*** DATA Section Begins ***
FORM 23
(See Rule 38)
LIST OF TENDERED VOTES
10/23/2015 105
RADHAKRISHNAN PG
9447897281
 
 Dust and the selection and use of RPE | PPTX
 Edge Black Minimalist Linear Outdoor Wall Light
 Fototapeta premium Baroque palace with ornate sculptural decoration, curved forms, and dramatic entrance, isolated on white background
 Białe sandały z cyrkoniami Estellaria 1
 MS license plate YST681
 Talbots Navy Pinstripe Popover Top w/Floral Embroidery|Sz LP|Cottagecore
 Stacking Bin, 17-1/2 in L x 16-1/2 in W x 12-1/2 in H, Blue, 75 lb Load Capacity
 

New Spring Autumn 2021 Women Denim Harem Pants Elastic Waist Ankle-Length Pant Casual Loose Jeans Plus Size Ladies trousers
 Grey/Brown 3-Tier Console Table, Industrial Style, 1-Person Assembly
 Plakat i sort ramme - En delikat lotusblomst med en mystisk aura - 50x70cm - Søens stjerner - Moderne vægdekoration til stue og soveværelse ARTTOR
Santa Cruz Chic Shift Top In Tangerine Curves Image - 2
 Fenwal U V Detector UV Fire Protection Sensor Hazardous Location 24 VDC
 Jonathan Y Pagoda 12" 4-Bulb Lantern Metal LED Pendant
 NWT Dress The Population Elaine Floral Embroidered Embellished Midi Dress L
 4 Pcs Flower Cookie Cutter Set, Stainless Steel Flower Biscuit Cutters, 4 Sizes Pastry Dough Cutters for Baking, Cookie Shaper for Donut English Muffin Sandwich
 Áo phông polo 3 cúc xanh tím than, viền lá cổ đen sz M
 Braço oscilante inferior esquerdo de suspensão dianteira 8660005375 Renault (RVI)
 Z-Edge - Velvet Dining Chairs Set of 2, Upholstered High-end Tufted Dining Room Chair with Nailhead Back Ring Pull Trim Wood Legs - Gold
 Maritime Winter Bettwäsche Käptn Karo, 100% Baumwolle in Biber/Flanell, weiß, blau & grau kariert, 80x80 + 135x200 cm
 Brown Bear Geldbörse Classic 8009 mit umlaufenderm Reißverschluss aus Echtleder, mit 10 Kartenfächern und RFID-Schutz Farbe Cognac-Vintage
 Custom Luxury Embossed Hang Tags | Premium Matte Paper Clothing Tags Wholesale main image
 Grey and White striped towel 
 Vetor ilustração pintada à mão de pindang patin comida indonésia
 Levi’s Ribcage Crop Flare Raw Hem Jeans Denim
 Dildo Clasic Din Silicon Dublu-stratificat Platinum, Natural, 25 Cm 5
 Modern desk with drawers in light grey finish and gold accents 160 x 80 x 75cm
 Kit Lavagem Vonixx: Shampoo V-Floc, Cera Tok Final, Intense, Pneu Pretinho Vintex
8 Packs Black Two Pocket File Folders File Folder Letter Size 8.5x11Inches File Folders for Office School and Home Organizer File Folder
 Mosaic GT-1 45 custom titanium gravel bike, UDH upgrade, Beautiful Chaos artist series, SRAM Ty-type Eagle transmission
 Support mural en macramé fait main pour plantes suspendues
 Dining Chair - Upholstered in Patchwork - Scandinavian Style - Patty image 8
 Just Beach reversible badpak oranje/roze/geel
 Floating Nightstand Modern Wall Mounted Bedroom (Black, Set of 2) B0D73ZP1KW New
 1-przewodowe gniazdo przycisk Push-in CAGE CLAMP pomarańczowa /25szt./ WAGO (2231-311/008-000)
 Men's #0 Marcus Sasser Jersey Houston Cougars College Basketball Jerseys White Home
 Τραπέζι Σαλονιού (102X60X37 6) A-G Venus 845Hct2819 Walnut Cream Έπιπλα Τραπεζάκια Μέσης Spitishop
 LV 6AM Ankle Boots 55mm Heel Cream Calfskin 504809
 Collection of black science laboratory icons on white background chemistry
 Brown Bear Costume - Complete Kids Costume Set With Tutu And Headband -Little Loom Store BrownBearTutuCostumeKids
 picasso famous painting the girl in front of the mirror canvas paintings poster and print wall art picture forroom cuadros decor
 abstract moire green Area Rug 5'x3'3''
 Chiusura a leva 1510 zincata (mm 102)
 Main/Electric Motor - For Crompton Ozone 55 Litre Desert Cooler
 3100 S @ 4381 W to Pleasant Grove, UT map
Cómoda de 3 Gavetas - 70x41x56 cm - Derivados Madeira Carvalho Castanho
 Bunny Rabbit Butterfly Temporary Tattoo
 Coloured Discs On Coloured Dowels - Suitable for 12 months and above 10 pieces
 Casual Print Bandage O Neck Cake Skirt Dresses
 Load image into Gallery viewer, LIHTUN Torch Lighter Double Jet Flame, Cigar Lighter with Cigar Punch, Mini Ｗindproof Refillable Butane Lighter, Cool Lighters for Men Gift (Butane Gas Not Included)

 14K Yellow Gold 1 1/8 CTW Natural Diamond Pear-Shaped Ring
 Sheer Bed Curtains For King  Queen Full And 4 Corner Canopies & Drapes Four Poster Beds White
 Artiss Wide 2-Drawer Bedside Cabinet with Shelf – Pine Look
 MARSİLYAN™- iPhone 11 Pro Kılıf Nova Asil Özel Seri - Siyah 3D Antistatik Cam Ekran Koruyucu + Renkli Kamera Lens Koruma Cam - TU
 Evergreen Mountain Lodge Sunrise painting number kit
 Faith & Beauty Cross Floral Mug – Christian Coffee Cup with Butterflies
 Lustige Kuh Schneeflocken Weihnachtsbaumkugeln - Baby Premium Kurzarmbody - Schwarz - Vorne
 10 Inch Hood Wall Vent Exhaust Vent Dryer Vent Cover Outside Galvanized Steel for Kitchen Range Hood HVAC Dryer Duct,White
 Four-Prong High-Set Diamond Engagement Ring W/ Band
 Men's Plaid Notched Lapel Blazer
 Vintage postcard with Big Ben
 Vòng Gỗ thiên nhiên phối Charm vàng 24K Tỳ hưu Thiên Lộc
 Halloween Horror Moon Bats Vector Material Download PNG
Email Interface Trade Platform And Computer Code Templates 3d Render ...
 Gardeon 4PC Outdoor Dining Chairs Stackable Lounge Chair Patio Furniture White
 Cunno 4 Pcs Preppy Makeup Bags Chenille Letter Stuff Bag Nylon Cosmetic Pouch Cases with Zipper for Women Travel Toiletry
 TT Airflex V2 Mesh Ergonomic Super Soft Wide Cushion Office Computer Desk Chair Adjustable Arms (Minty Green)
*** DATA Section Ends ***
◆ ABOUT THIS EXERCISE ◆
Take the entries above and return all of them exactly.

◆ ANSWER AREA ◆
FORM 23
(See Rule 38)
LIST OF TENDERED VOTES
10/23/2015 105
RADHAKRISHNAN PG
9447897281
 
 Dust and the selection and use of RPE | PPTX
 Edge Black Minimalist Linear Outdoor Wall Light
 Fototapeta premium Baroque palace with ornate sculptural decoration, curved forms, and dramatic entrance, isolated on white background
 Białe sandały z cyrkoniami Estellaria 1
 MS license plate YST681
 Talbots Navy Pinstripe Popover Top w/Floral Embroidery|Sz LP|Cottagecore
 Stacking Bin, 17-1/2 in L x 16-1/2 in W x 12-1/2 in H, Blue, 75 lb Load Capacity
 

New Spring Autumn 2021 Women Denim Harem Pants Elastic Waist Ankle-Length Pant Casual Loose Jeans Plus Size Ladies trousers
 Grey/Brown 3-Tier Console Table, Industrial Style, 1-Person Assembly
 Plakat i sort ramme - En delikat lotusblomst med en mystisk aura - 50x70cm - Søens stjerner - Moderne vægdekoration til stue og soveværelse ARTTOR
Santa Cruz Chic Shift Top In Tangerine Curves Image - 2
 Fenwal U V Detector UV Fire Protection Sensor Hazardous Location 24 VDC
 Jonathan Y Pagoda 12" 4-Bulb Lantern Metal LED Pendant
 NWT Dress The Population Elaine Floral Embroidered Embellished Midi Dress L
 4 Pcs Flower Cookie Cutter Set, Stainless Steel Flower Biscuit Cutters, 4 Sizes Pastry Dough Cutters for Baking, Cookie Shaper for Donut English Muffin Sandwich
 Áo phông polo 3 cúc xanh tím than, viền lá cổ đen sz M
 Braço oscilante inferior esquerdo de suspensão dianteira 8660005375 Renault (RVI)
 Z-Edge - Velvet Dining Chairs Set of 2, Upholstered High-end Tufted Dining Room Chair with Nailhead Back Ring Pull Trim Wood Legs - Gold
 Maritime Winter Bettwäsche Käptn Karo, 100% Baumwolle in Biber/Flanell, weiß, blau & grau kariert, 80x80 + 135x200 cm
 Brown Bear Geldbörse Classic 8009 mit umlaufenderm Reißverschluss aus Echtleder, mit 10 Kartenfächern und RFID-Schutz Farbe Cognac-Vintage
 Custom Luxury Embossed Hang Tags | Premium Matte Paper Clothing Tags Wholesale main image
 Grey and White striped towel 
 Vetor ilustração pintada à mão de pindang patin comida indonésia
 Levi’s Ribcage Crop Flare Raw Hem Jeans Denim
 Dildo Clasic Din Silicon Dublu-stratificat Platinum, Natural, 25 Cm 5
 Modern desk with drawers in light grey finish and gold accents 160 x 80 x 75cm
 Kit Lavagem Vonixx: Shampoo V-Floc, Cera Tok Final, Intense, Pneu Pretinho Vintex
8 Packs Black Two Pocket File Folders File Folder Letter Size 8.5x11Inches File Folders for Office School and Home Organizer File Folder
 Mosaic GT-1 45 custom titanium gravel bike, UDH upgrade, Beautiful Chaos artist series, SRAM Ty-type Eagle transmission
 Support mural en macramé fait main pour plantes suspendues
 Dining Chair - Upholstered in Patchwork - Scandinavian Style - Patty image 8
 Just Beach reversible badpak oranje/roze/geel
 Floating Nightstand Modern Wall Mounted Bedroom (Black, Set of 2) B0D73ZP1KW New
 1-przewodowe gniazdo przycisk Push-in CAGE CLAMP pomarańczowa /25szt./ WAGO (2231-311/008-000)
 Men's #0 Marcus Sasser Jersey Houston Cougars College Basketball Jerseys White Home
 Τραπέζι Σαλονιού (102X60X37 6) A-G Venus 845Hct2819 Walnut Cream Έπιπλα Τραπεζάκια Μέσης Spitishop
 LV 6AM Ankle Boots 55mm Heel Cream Calfskin 504809
 Collection of black science laboratory icons on white background chemistry
 Brown Bear Costume - Complete Kids Costume Set With Tutu And Headband -Little Loom Store BrownBearTutuCostumeKids
 picasso famous painting the girl in front of the mirror canvas paintings poster and print wall art picture forroom cuadros decor
 abstract moire green Area Rug 5'x3'3''
 Chiusura a leva 1510 zincata (mm 102)
 Main/Electric Motor - For Crompton Ozone 55 Litre Desert Cooler
 3100 S @ 4381 W to Pleasant Grove, UT map
Cómoda de 3 Gavetas - 70x41x56 cm - Derivados Madeira Carvalho Castanho
 Bunny Rabbit Butterfly Temporary Tattoo
 Coloured Discs On Coloured Dowels - Suitable for 12 months and above 10 pieces
 Casual Print Bandage O Neck Cake Skirt Dresses
 Load image into Gallery viewer, LIHTUN Torch Lighter Double Jet Flame, Cigar Lighter with Cigar Punch, Mini Ｗindproof Refillable Butane Lighter, Cool Lighters for Men Gift (Butane Gas Not Included)

 14K Yellow Gold 1 1/8 CTW Natural Diamond Pear-Shaped Ring
 Sheer Bed Curtains For King  Queen Full And 4 Corner Canopies & Drapes Four Poster Beds White
 Artiss Wide 2-Drawer Bedside Cabinet with Shelf – Pine Look
 MARSİLYAN™- iPhone 11 Pro Kılıf Nova Asil Özel Seri - Siyah 3D Antistatik Cam Ekran Koruyucu + Renkli Kamera Lens Koruma Cam - TU
 Evergreen Mountain Lodge Sunrise painting number kit
 Faith & Beauty Cross Floral Mug – Christian Coffee Cup with Butterflies
 Lustige Kuh Schneeflocken Weihnachtsbaumkugeln - Baby Premium Kurzarmbody - Schwarz - Vorne
 10 Inch Hood Wall Vent Exhaust Vent Dryer Vent Cover Outside Galvanized Steel for Kitchen Range Hood HVAC Dryer Duct,White
 Four-Prong High-Set Diamond Engagement Ring W/ Band
 Men's Plaid Notched Lapel Blazer
 Vintage postcard with Big Ben
 Vòng Gỗ thiên nhiên phối Charm vàng 24K Tỳ hưu Thiên Lộc
 Halloween Horror Moon Bats Vector Material Download PNG
Email Interface Trade Platform And Computer Code Templates 3d Render ...
 Gardeon 4PC Outdoor Dining Chairs Stackable Lounge Chair Patio Furniture White
 Cunno 4 Pcs Preppy Makeup Bags Chenille Letter Stuff Bag Nylon Cosmetic Pouch Cases with Zipper for Women Travel Toiletry
 TT Airflex V2 Mesh Ergonomic Super Soft Wide Cushion Office Computer Desk Chair Adjustable Arms (Minty Green)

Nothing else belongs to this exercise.